I subsequently added a second frame to the tile (i.e. "frame 1"). Telling a tile with 2 frames to "frame 2" caused massive visual glitches. The tile turned black, but instead of staying black it copied whatever was drawn on top of it last, causing the classic "curser trails" phenomenon seen since Windows 3.1 when your computer freezes but the mouse keeps moving.
This one could honestly be a VERY cool effect for some games, but it did cause massive slowdown on my PC, at least for the moment when I told the tile to "frame 2."
I fixed this by duplicating frame0 to create a frame2 that looks exactly like frame0 for that tile.
Bug 3 (from the discord, not my discovery):
Normally, using multiple "goto" instructions in a single cycle produces proper behavior, e.g.:
goto 3,5
x=22
x+=47
goto 4,9
This code correctly leaves the player at 4,9, not 3,5.
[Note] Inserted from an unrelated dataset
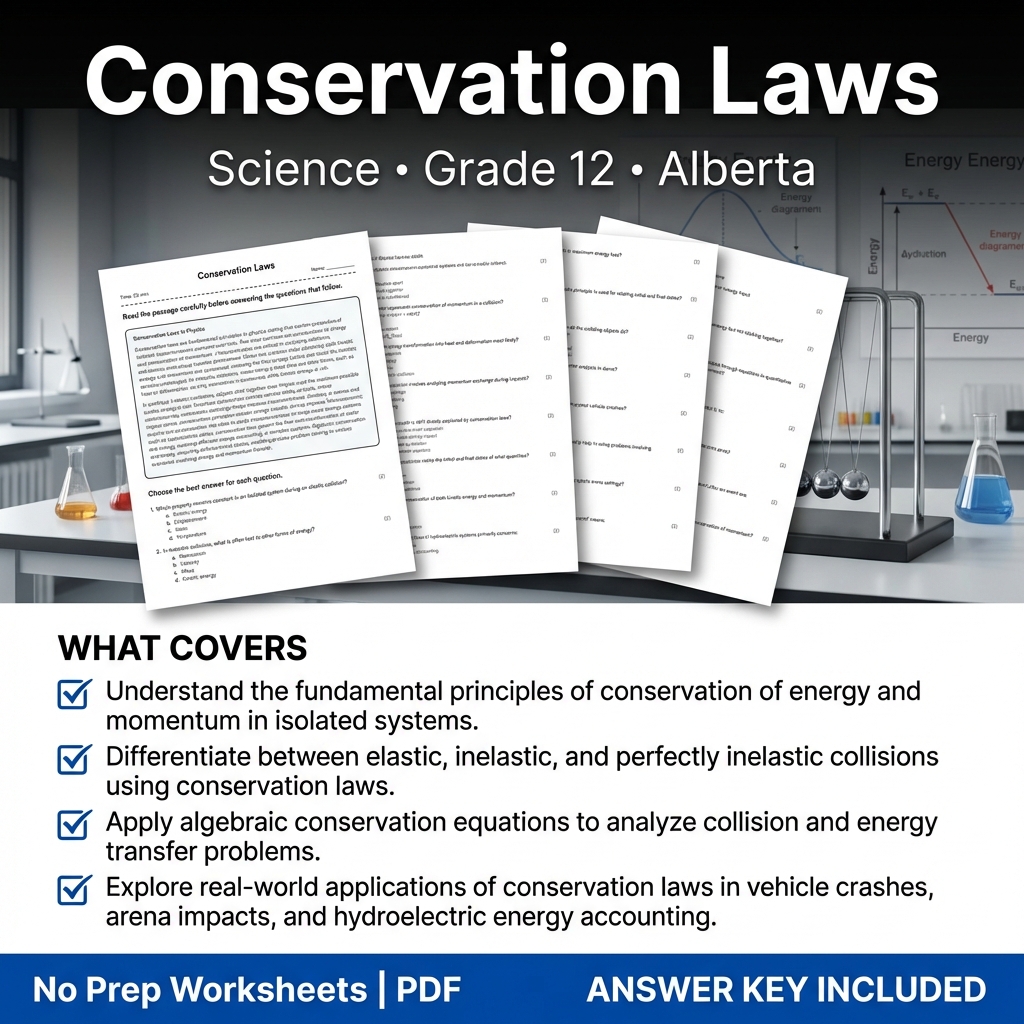 Conservation Laws Worksheet for Grade 12 Science – Alberta Standards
However, telling the player to go to two different rooms only executes the first room-change and ignores any subsequent goto-room commands.
goto 3,5 in "room1"
goto 4,9 in "room 2"
If the player starts outside room1, the above code improperly leaves the player at 3,5 (not 4,9) in room1. If the player starts in room1, it sends the player first to 3,5 in room1(you can see it happen onscreen), then sends the player to room2. This means that if you run the above code two separate times (e.g. "on confirm" with two separate button presses) then the code will first send the player to 3,5 in room 1 and then send the player to 4,9 in room 2.
This bug does not affect goto commands sending the player to the room they are already in. So, if the player is in room1, then:
goto 1,1 in "room1"
goto 2,2 in "room1"
goto 3,3 in "room2"
goto 4,4 in "room3"
the above code would execute the first three goto functions, then ignore the last one. I'm pretty sure that's not intended behavior. It definitely would go against the intentions of the person writing the code, since it is not documented. You could imagine a long series of if-conditions or event-calls that should leave the player in a certain place, but seem to randomly work or not work based (unknow to the dev) on where the player starts when the code is run.
Anyways. Anyone else have bugs to share?